Климка забыл все предостережения, категорический приказ Жухрая передать записку только Антонине Васильевне лично, вытащил из кармана замусоленный клочок бумажки и подал его девушке. Не мог отказать он этой белокурой сестренке Сережки, потому что рыженький Климка не совсем сводил концы с концами в своих отношениях к этой славной девчурке. Правда, скромный поваренок ни за что не признался бы даже самому себе, что ему нравится сестренка Сережи.

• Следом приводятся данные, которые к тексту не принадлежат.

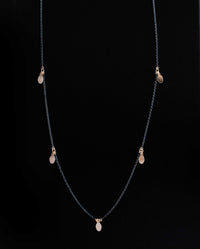 Collier en argent oxydé Harakiri Amelia-Y-O et 5 médaillons ovales en or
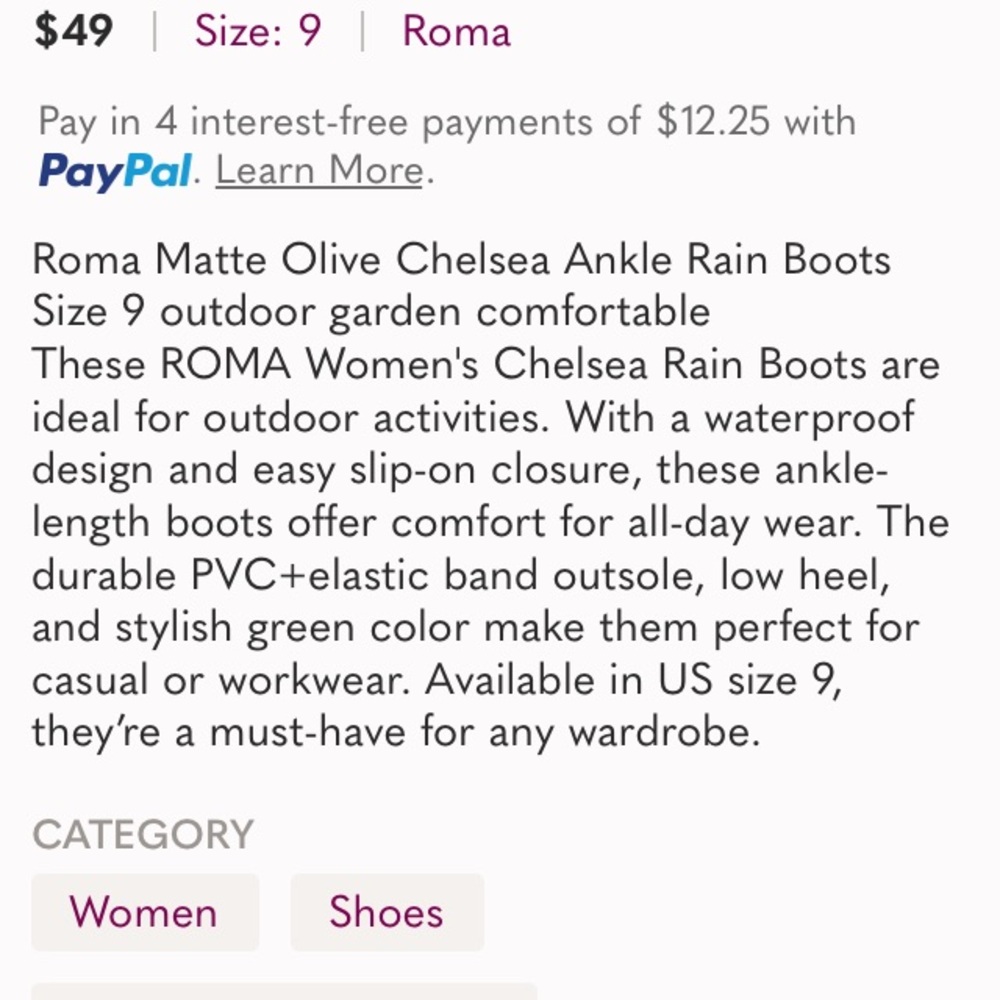 Roma Chelsea Rain Boots Woman size 9 NEW in Box - Picture 11 of 11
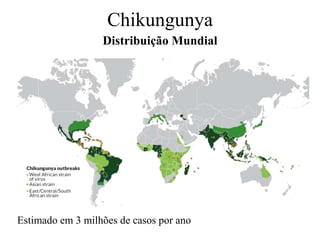 Chikungunya
Distribuição Mundial
Estimado em 3 milhões de casos por ano
 
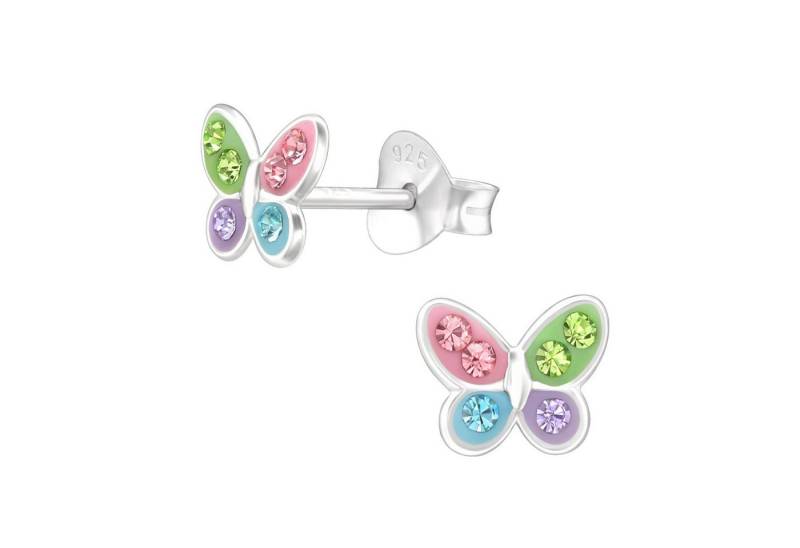 schmuck23 Ohrstecker-Set Ohrringe Kinder bunter Schmetterling 925 Silber (Geschenkset aus 1 Paar Ohrringen), für sicheren und sanften Halt mit 2 x Silikonverschluß zusätzlich von schmuck23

Он отдал ей бумажку, которую та бегло прочла:

«Дорогая Тоня! Не беспокойся. Все хорошо. Живы и невредимы. Скоро узнаешь больше. Передай остальным, что все благополучно, чтоб не тревожились. Записку уничтожь. Захар».

Прочитав записку, Валя бросилась к Климке:

– Рыжий медведь, миленький мой, где ты достал это? Скажи, где ты достал, косолапый медвежонок? – И она изо всех сил тормошила растерявшегося Климку.

И он не опомнился, как сделал вторую оплошность:

– Это мне Жухрай на станции передал. – И, вспомнив, что этого не надо было говорить, добавил: – Только он сказал: никому не давать.

– Ну, хорошо, хорошо! – засмеялась Валя. – Я никому не скажу. Ну беги, рыженький, к Павке, там и мать застанешь.

Она легонько подталкивала поваренка в спину. Через секунду рыжая голова Климки мелькнула за калиткой.

Никто из троих домой не возвращался. Вечером Жухрай пришел к Корчагиным и рассказал Марии Яковлевне обо всем происшедшем на паровозе. Успокоил как мог испуганную женщину, сообщив, что все трое устроились далеко, в глухом селе, у дядьки Брузжака, что они там в безопасности, но возвращаться им сейчас, конечно, нельзя, но что немцам туго, можно ожидать в скором будущем изменения.